04-00: What is CHP?
As stated already in the introductory chapters, for example 00-01, some very fundamental things apply to all types of buildings. First, there is always a need for heat, at the very least during parts of the year, and second there is always a need for electricity. Sometimes, there is also a need for cooling during parts of the year.
It is a fundamental thermodynamical fact that fuel energy can only partly be converted into electricity using thermal power production processes, whether the process uses gas turbines, steam turbines, a combination of the two or any other thermal process. As a matter of fact, none of the processes commercially used today can convert more than approximately 55% of the fuel energy into electricity, loosing 45% of the fuel energy to cooling media.

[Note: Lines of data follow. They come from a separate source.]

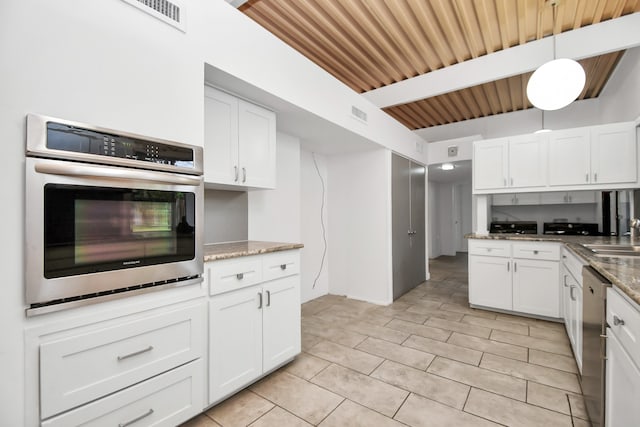 kitchen with wooden ceiling, stainless steel appliances, and white cabinets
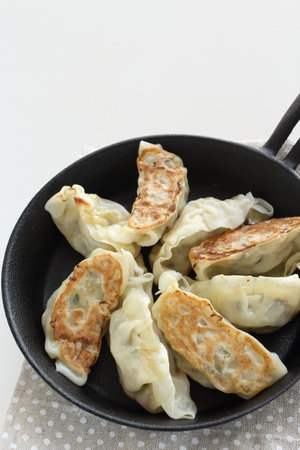 homemade Chinese pan fried Jioazi in skillet panの写真素材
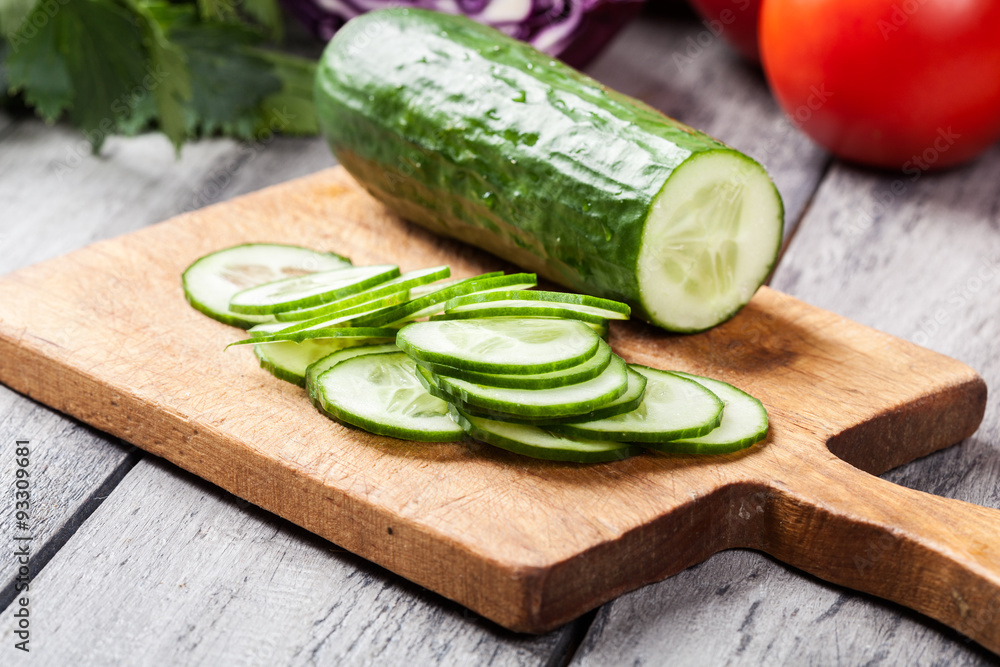Chopped vegetables: cucumber on cutting board Chopped vegetables: cucumber on cutting board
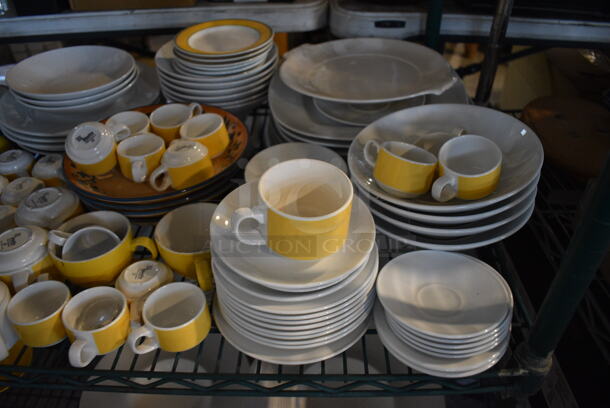 ALL ONE MONEY! Metro Lot of 5 Tiers of Various Items Including Poly Bin, Cutting Boards, Mugs, Plates and Saucers. Does Not Include Metro Shelving Unit - Image 6 of 11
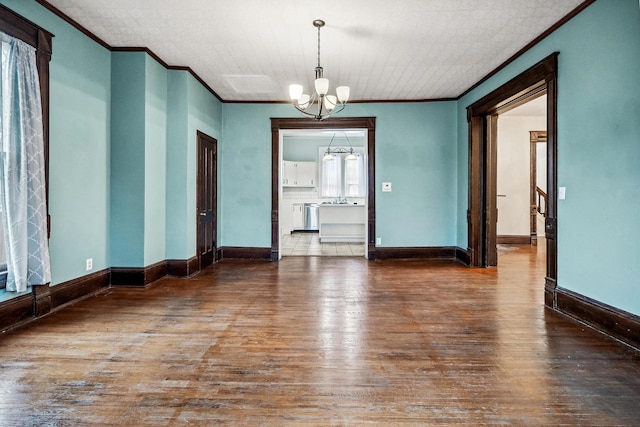 unfurnished room with hardwood / wood-style flooring, crown molding, sink, and an inviting chandelier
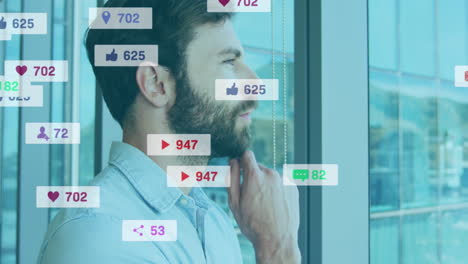 Animación-De-íconos-De-Redes-Sociales-Contra-Un-Hombre-Caucásico-Reflexivo-Mirando-Por-La-Ventana-En-La-Oficina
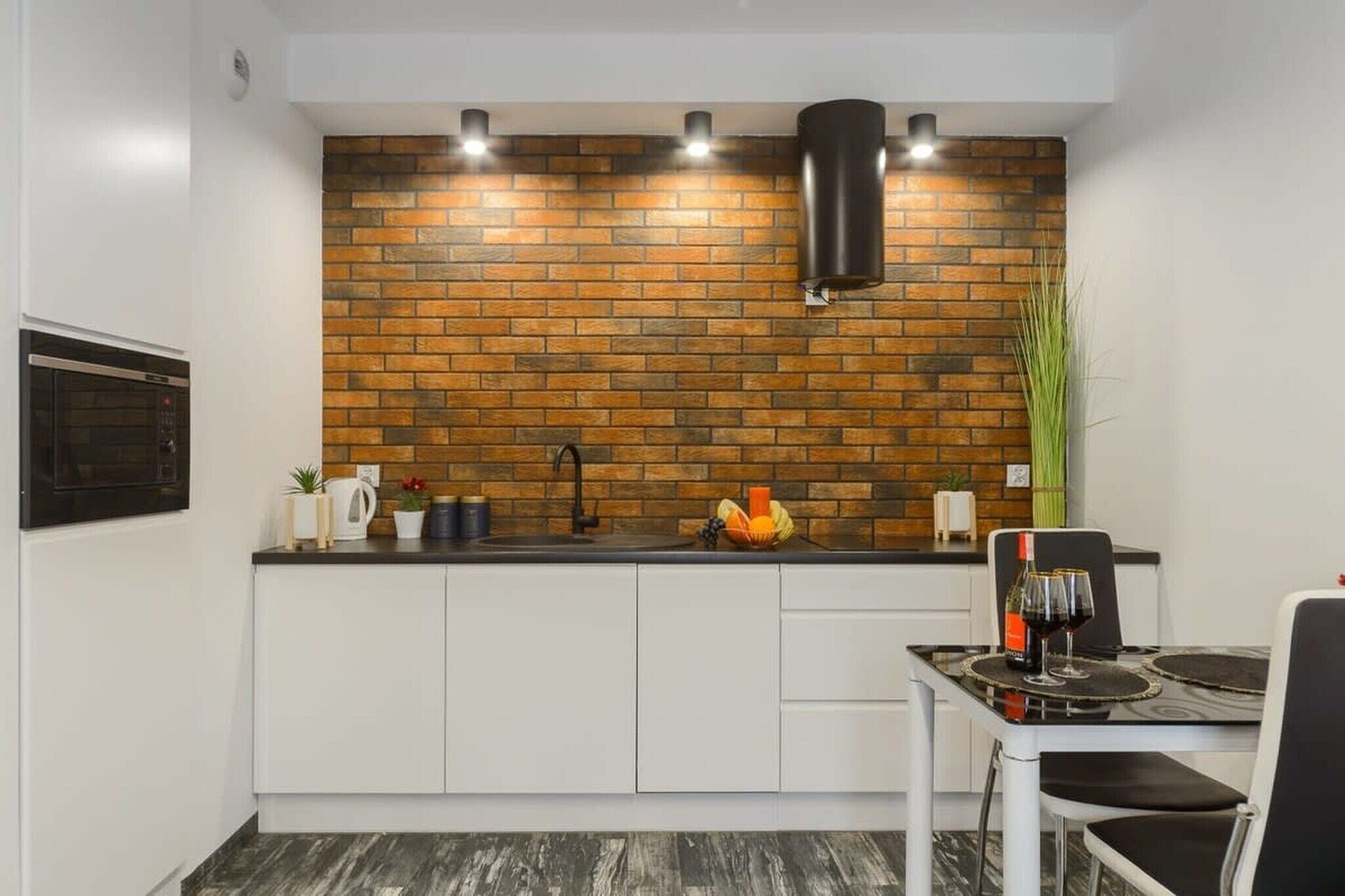 A compact kitchen with a brick backsplash, white cabinetry, and a dining area with a table and chairs.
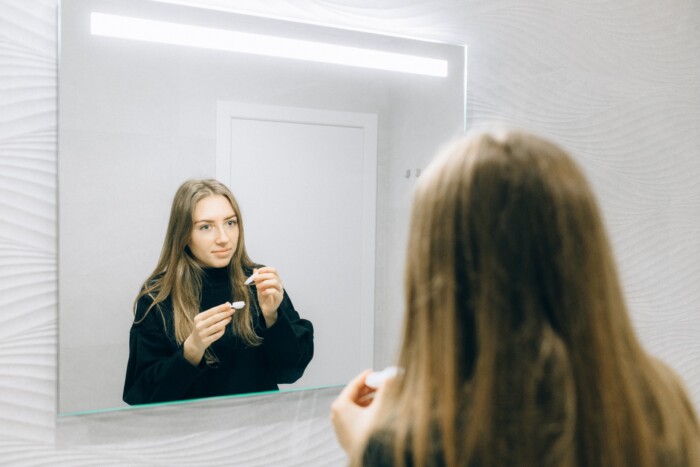 Jonge vrouw die lenzen indoet voor de spiegel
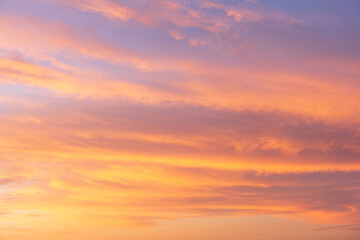 Dramatic sunset sky with twilight colors and clouds creating a beautiful nature background for design and photography use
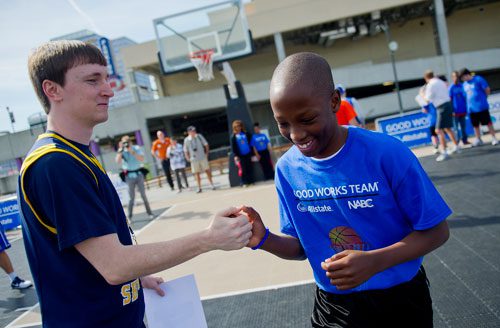 Jake Greene (left), a senior guard from LSU-Shreveport, hands out a high five to Christian Sims as he works as a coach during the Allstate NABC Good Works Team Basketball Clinic at Atlantic Station in Atlanta on Sunday, April 7, 2013. 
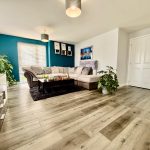 Modern living room with teal accent wall and plants.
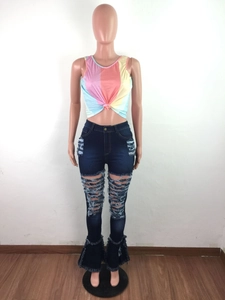 Detail of high-waisted flared jeans featuring heavy distressed rips and fringe hems
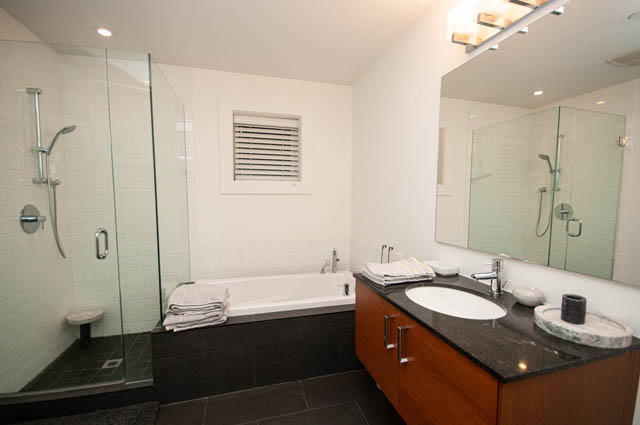 Modern bathroom with glass shower enclosure and dark granite vanity. - 2447 West 6th Ave., Vancouver West Side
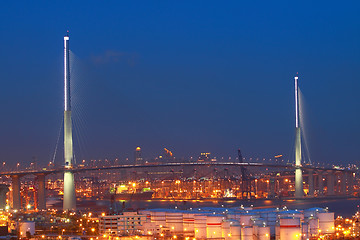 Image showing Stonecutters Bridge in Hong Kong with oil tanks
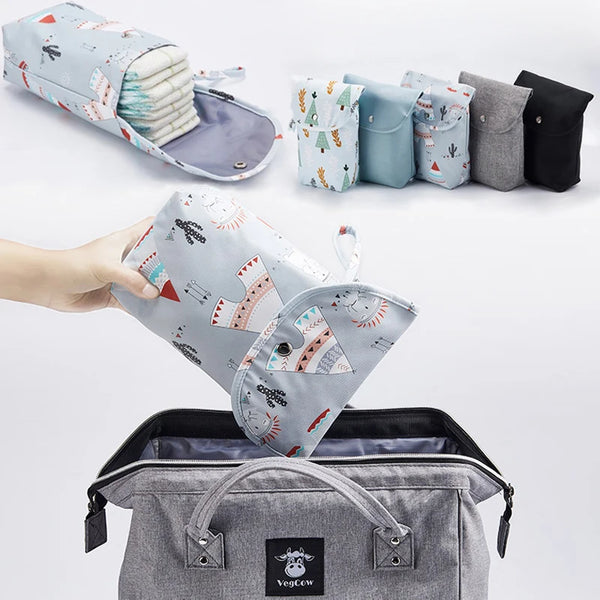 Eine Sammlung wasserdichter Windeltaschen-Organizer und Accessoires in verschiedenen Farben und Mustern, neben einem grauen E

This can be achieved if the fuel is first burned at an elevated pressure and the high-pressure gases pass a gas turbine before they enter the steam-raising device. So in a "combined cycle" plant there are both gas turbines and steam turbines. Most common, though, are condensing power plants, where water is boiled to steam and the steam is used to run turbines which in turn are connected to generators. The water may be boiled using coal, nuclear fuel, waste, biomass, gas, oil or anything else.
While top-modern, gas-fired combined-cycle power plants may have losses "only" just above 40% of the energy input, will more old-fashioned coal-power plants exhibit losses about or even exceeding 60% of the total energy input so that only about 40% of the input energy actually becomes electricity. In nuclear power plants, the losses are even bigger.
The schematic below illustrates the main parts in a condensing power plant.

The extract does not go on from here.